For the data that follows, print the line with "DreamBid. Image 2.", the line with "1932 Maryland Oaks", and all lines between them, exactly as they stand. Omit pictures and add nothing.
*** Input Section Begins ***
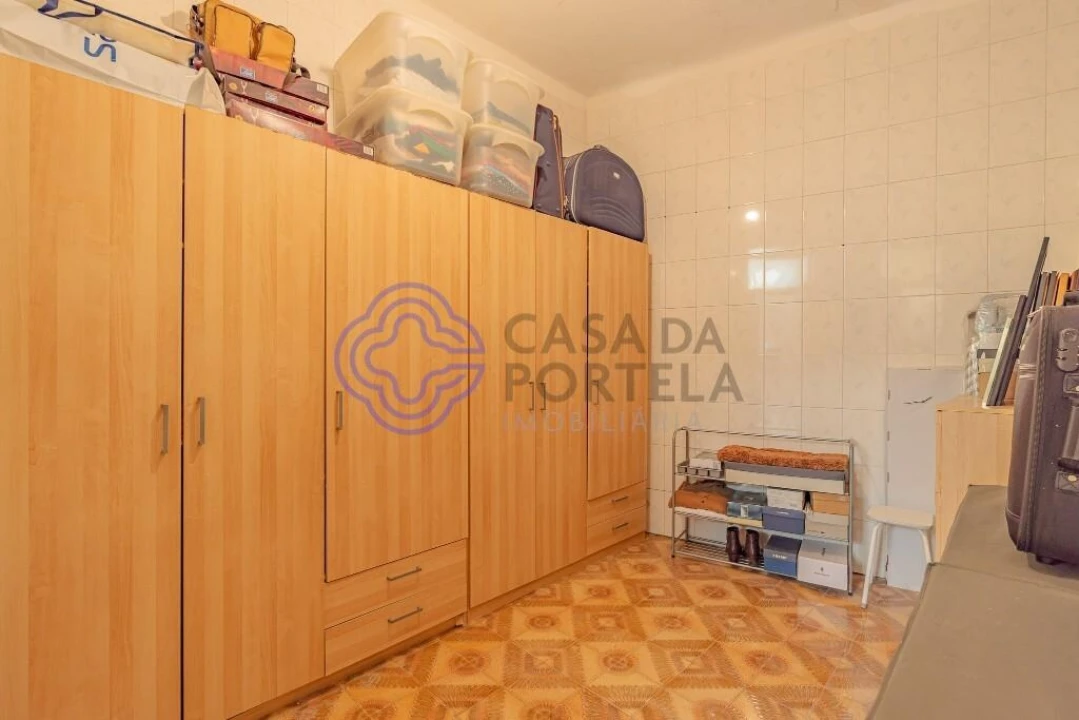 Moradia T5 para Venda em Paranhos Foto 71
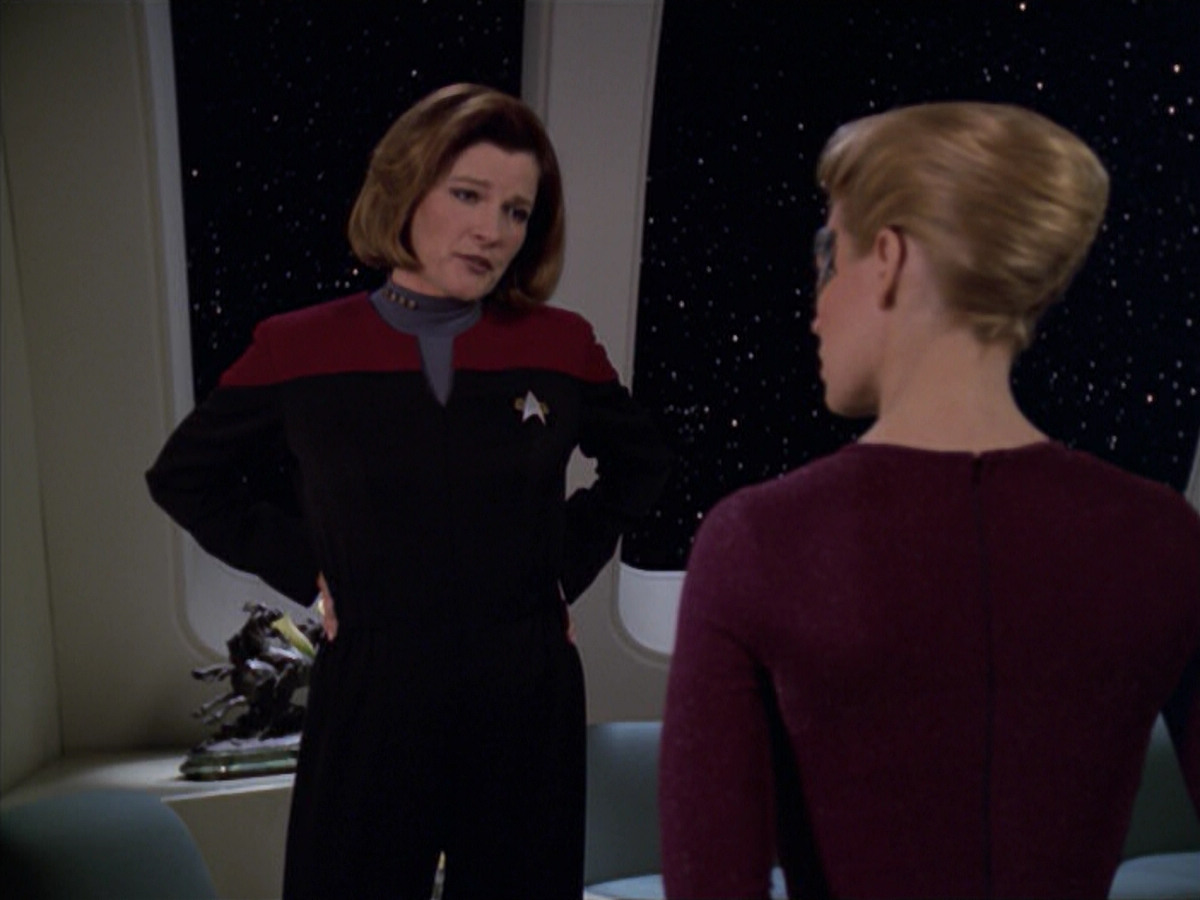 extant_StarTrek_VOY_5x20-ThinkTank_02034.jpg
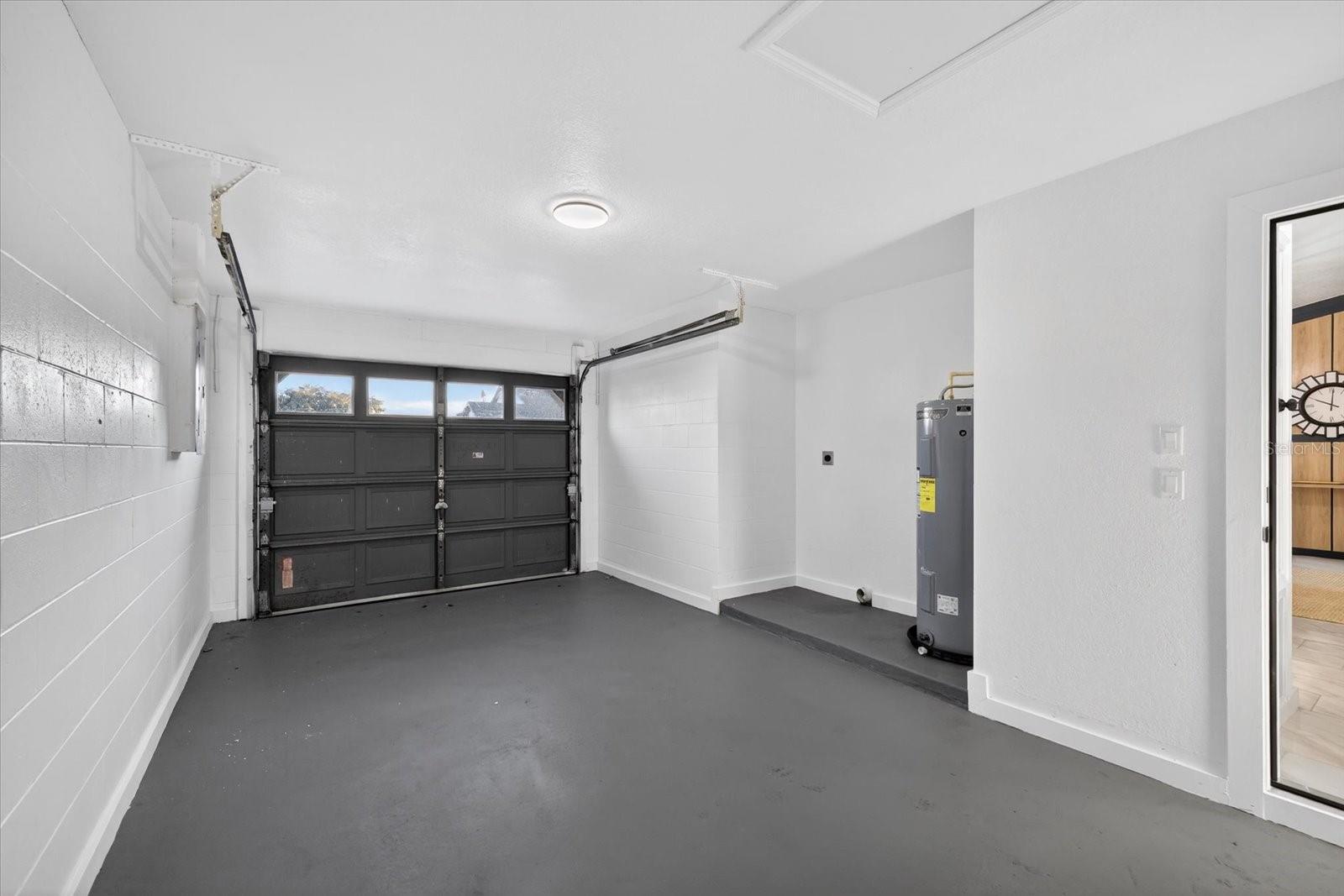 Image 23 of 32 For 9501 Drakemill Court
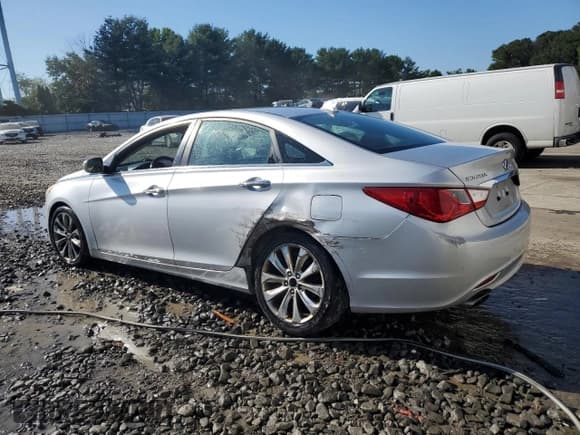 ✅ 2011 Hyundai Sonata SE • VIN: 5NPEC4AC3BH058350 • Lot: 70277914. Listed on Copart with 136,536 mi. Free auction sales archive from the USA and detailed vehicle history report at DreamBid. Image 2.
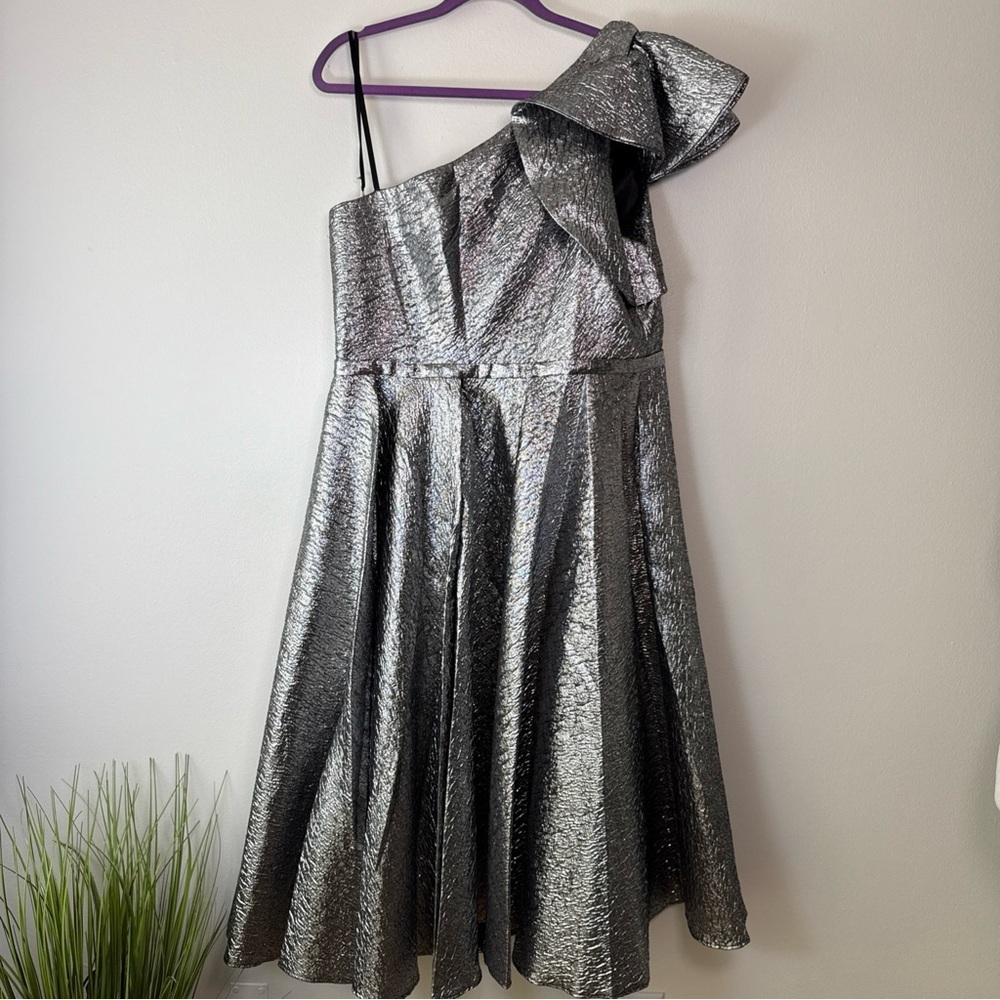 Mac Duggal Dress Silver 1 Shoulder Bow Midi Gown Ruffle Size 16 Party Prom NYE - Picture 5 of 10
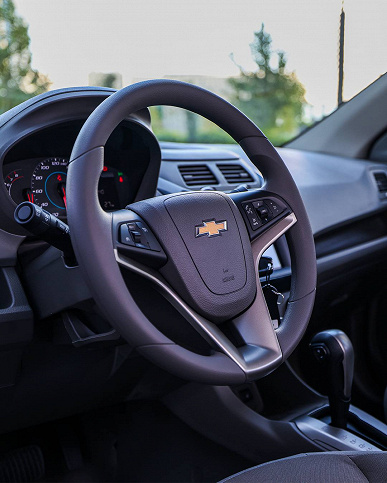 Представлен обновленный Chevrolet Cobalt. Теперь у него есть подогрев сидений и круиз-контроль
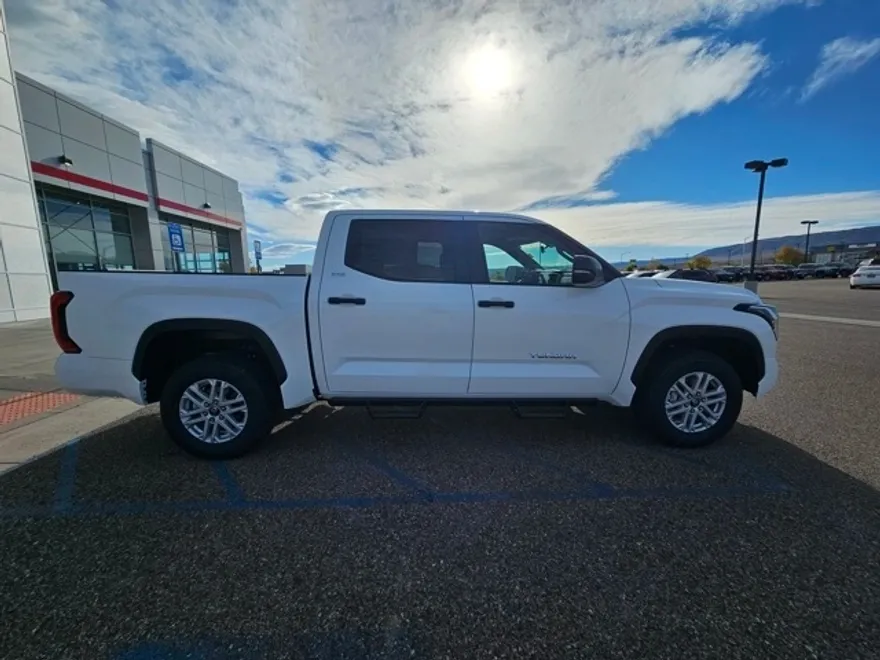 2026 Toyota Tundra SR5 CrewMax photo 1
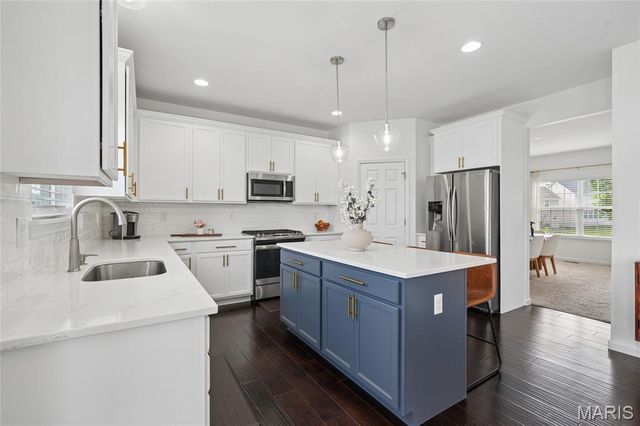 1932 Maryland Oaks Circle, Maryland Heights, MO 63146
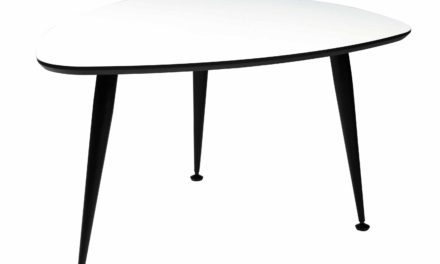 Strike sofabord – Hvidt træ, sort stål stel, trekantet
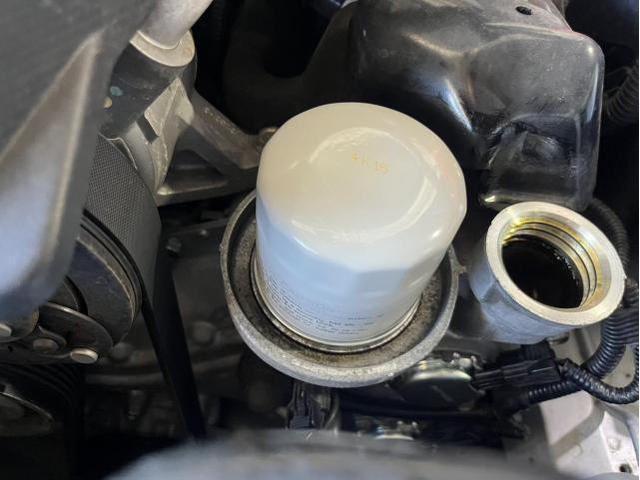 ホンダ　フィット　L　エンジン関連修理・整備　エンジン警告灯点灯　エンジン異音　オイルコントロールバルブ　エンジンオイル　オイルエレメント　交換　エンジン洗浄　佐賀県　三養基郡　みやき町　みやき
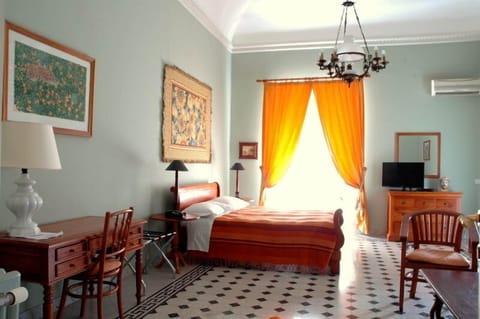 Double Room, Private Bathroom | Frette Italian sheets, premium bedding, down comforters, minibar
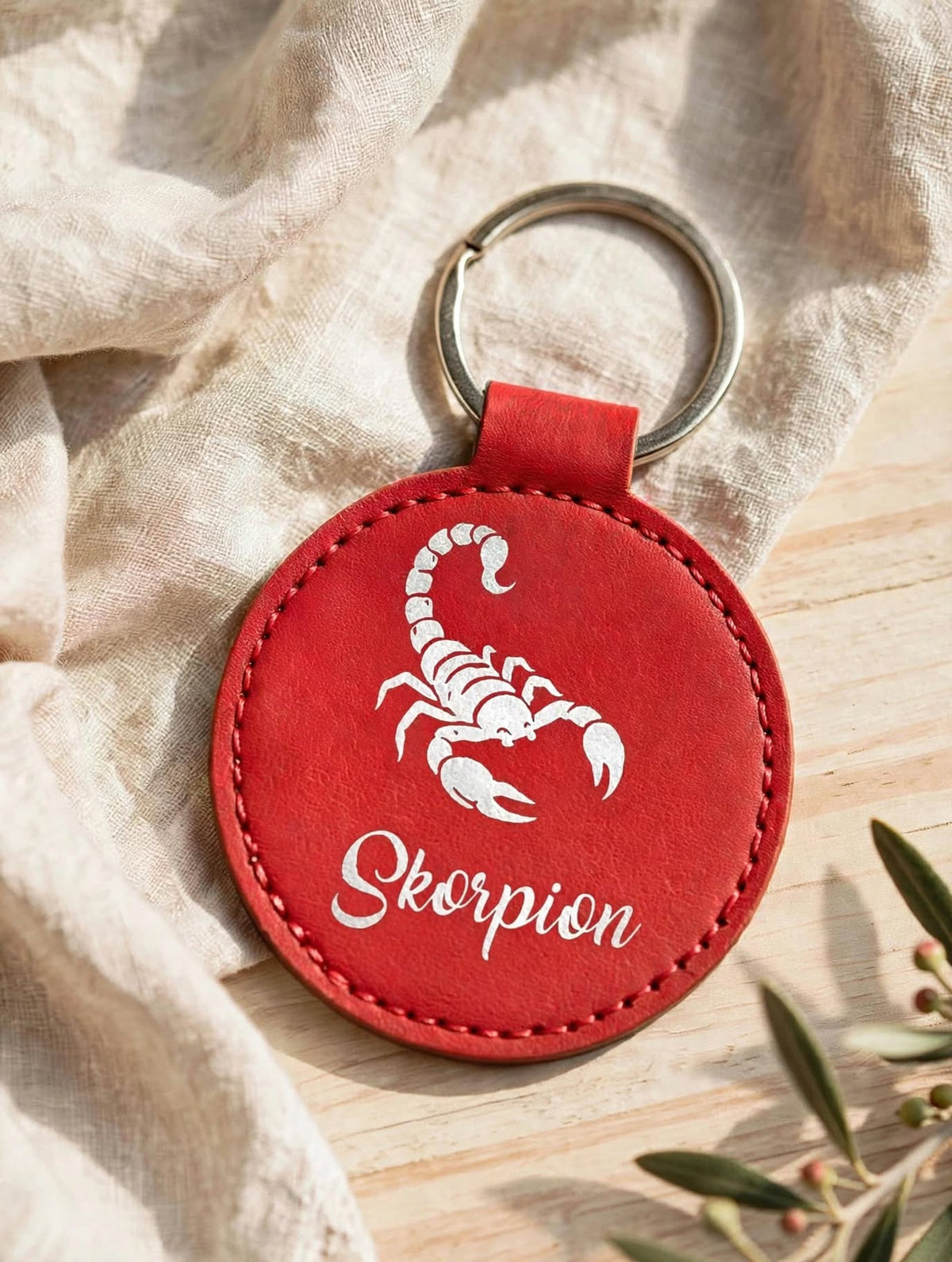 Schlüsselanhänger Sternzeichen Skorpion rot – runder Kunstleder Chiphalter mit weissem Skorpion Motiv und Schriftzug Skorpion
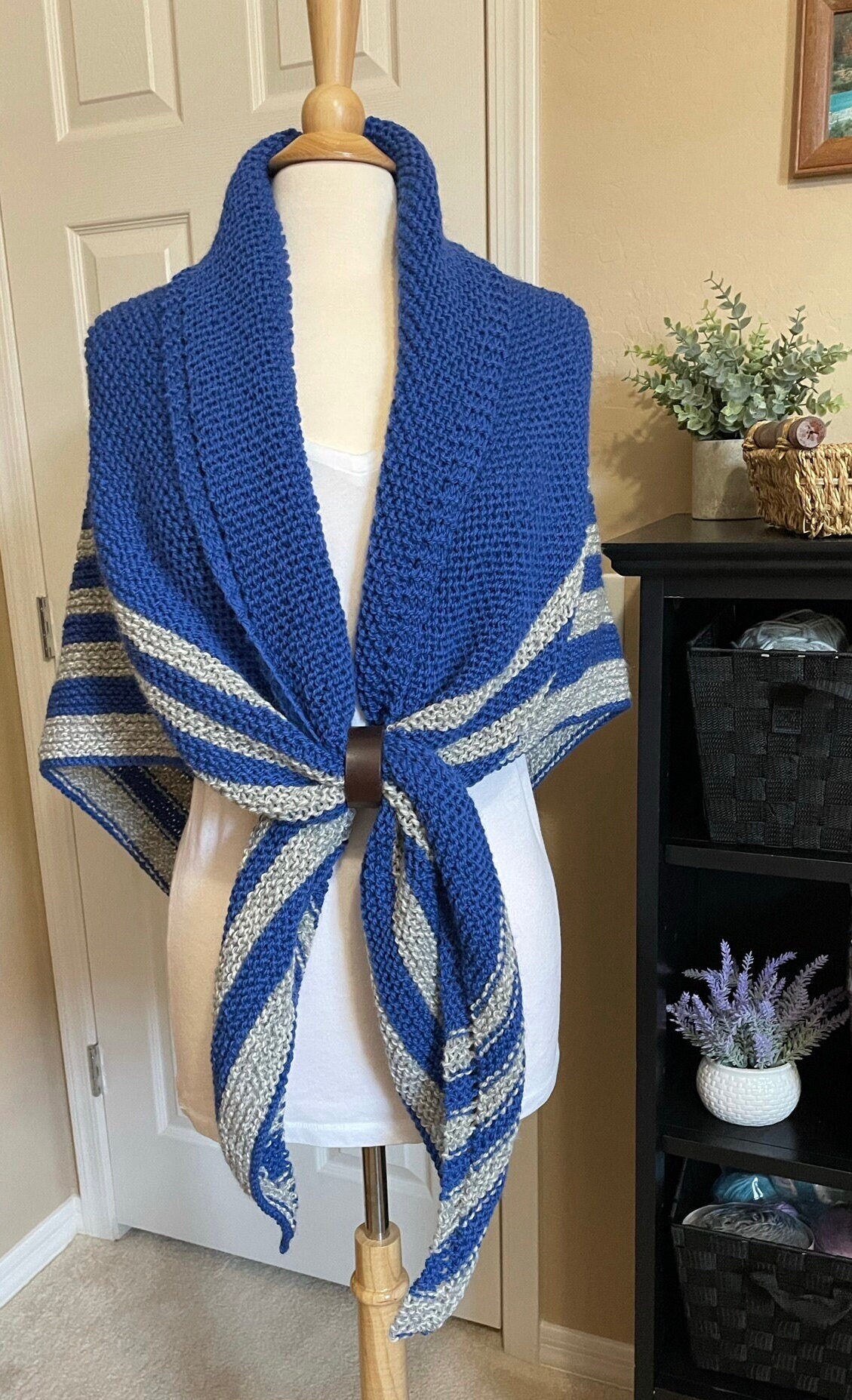 Hand Knitted Outlander Shawl Claire Shawl Knitted Outlander Inspired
*** Input Section Ends ***
■ Answer to this task:
 ✅ 2011 Hyundai Sonata SE • VIN: 5NPEC4AC3BH058350 • Lot: 70277914. Listed on Copart with 136,536 mi. Free auction sales archive from the USA and detailed vehicle history report at DreamBid. Image 2.
 Mac Duggal Dress Silver 1 Shoulder Bow Midi Gown Ruffle Size 16 Party Prom NYE - Picture 5 of 10
 Представлен обновленный Chevrolet Cobalt. Теперь у него есть подогрев сидений и круиз-контроль
 2026 Toyota Tundra SR5 CrewMax photo 1
 1932 Maryland Oaks Circle, Maryland Heights, MO 63146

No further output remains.